### INFORMATION GIVEN
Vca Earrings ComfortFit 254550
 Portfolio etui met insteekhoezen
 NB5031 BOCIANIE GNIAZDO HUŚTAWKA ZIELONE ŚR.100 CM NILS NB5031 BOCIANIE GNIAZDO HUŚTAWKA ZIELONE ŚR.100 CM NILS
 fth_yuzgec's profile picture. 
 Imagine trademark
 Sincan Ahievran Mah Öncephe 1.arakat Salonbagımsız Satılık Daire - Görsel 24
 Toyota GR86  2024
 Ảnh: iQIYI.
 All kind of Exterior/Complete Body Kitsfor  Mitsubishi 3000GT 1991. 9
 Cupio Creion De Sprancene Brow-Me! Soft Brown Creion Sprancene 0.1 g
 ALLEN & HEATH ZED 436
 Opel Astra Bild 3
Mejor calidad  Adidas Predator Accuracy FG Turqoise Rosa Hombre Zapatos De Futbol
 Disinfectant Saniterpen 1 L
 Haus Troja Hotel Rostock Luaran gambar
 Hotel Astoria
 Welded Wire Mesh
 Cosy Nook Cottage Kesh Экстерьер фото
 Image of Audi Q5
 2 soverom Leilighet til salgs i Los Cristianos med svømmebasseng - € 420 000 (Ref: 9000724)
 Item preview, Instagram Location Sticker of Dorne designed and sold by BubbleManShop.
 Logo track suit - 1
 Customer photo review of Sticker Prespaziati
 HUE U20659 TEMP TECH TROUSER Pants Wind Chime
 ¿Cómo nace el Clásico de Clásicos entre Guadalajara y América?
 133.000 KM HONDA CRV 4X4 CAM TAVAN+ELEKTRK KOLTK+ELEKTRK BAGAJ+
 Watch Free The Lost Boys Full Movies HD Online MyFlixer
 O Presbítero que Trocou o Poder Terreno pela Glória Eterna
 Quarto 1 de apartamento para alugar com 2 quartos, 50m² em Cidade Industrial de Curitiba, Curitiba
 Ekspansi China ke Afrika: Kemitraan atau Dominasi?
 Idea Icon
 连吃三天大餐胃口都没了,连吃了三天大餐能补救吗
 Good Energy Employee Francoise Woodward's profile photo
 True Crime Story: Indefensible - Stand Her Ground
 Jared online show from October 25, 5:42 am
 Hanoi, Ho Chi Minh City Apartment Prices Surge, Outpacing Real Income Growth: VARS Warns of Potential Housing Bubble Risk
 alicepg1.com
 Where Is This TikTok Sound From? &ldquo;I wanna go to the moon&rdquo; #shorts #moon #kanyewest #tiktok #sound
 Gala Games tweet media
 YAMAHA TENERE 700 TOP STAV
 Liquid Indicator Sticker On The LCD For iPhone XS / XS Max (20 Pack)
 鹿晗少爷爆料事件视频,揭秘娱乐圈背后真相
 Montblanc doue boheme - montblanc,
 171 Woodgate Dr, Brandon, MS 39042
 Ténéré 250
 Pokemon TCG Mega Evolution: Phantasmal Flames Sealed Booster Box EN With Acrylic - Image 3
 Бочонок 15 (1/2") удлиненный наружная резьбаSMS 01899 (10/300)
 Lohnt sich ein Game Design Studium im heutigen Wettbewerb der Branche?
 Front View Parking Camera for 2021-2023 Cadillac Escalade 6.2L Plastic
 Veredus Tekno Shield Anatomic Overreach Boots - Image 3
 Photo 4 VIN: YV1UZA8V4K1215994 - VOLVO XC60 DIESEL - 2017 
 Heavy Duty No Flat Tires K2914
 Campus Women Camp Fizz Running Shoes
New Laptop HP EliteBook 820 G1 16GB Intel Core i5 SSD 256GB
######
WHAT NEEDS TO BE DONE: Beginning of the records through the line with "Good Energy Employee": return that span exactly and stop there.

ANSWER FOR THIS EXERCISE:
Vca Earrings ComfortFit 254550
 Portfolio etui met insteekhoezen
 NB5031 BOCIANIE GNIAZDO HUŚTAWKA ZIELONE ŚR.100 CM NILS NB5031 BOCIANIE GNIAZDO HUŚTAWKA ZIELONE ŚR.100 CM NILS
 fth_yuzgec's profile picture. 
 Imagine trademark
 Sincan Ahievran Mah Öncephe 1.arakat Salonbagımsız Satılık Daire - Görsel 24
 Toyota GR86  2024
 Ảnh: iQIYI.
 All kind of Exterior/Complete Body Kitsfor  Mitsubishi 3000GT 1991. 9
 Cupio Creion De Sprancene Brow-Me! Soft Brown Creion Sprancene 0.1 g
 ALLEN & HEATH ZED 436
 Opel Astra Bild 3
Mejor calidad  Adidas Predator Accuracy FG Turqoise Rosa Hombre Zapatos De Futbol
 Disinfectant Saniterpen 1 L
 Haus Troja Hotel Rostock Luaran gambar
 Hotel Astoria
 Welded Wire Mesh
 Cosy Nook Cottage Kesh Экстерьер фото
 Image of Audi Q5
 2 soverom Leilighet til salgs i Los Cristianos med svømmebasseng - € 420 000 (Ref: 9000724)
 Item preview, Instagram Location Sticker of Dorne designed and sold by BubbleManShop.
 Logo track suit - 1
 Customer photo review of Sticker Prespaziati
 HUE U20659 TEMP TECH TROUSER Pants Wind Chime
 ¿Cómo nace el Clásico de Clásicos entre Guadalajara y América?
 133.000 KM HONDA CRV 4X4 CAM TAVAN+ELEKTRK KOLTK+ELEKTRK BAGAJ+
 Watch Free The Lost Boys Full Movies HD Online MyFlixer
 O Presbítero que Trocou o Poder Terreno pela Glória Eterna
 Quarto 1 de apartamento para alugar com 2 quartos, 50m² em Cidade Industrial de Curitiba, Curitiba
 Ekspansi China ke Afrika: Kemitraan atau Dominasi?
 Idea Icon
 连吃三天大餐胃口都没了,连吃了三天大餐能补救吗
 Good Energy Employee Francoise Woodward's profile photo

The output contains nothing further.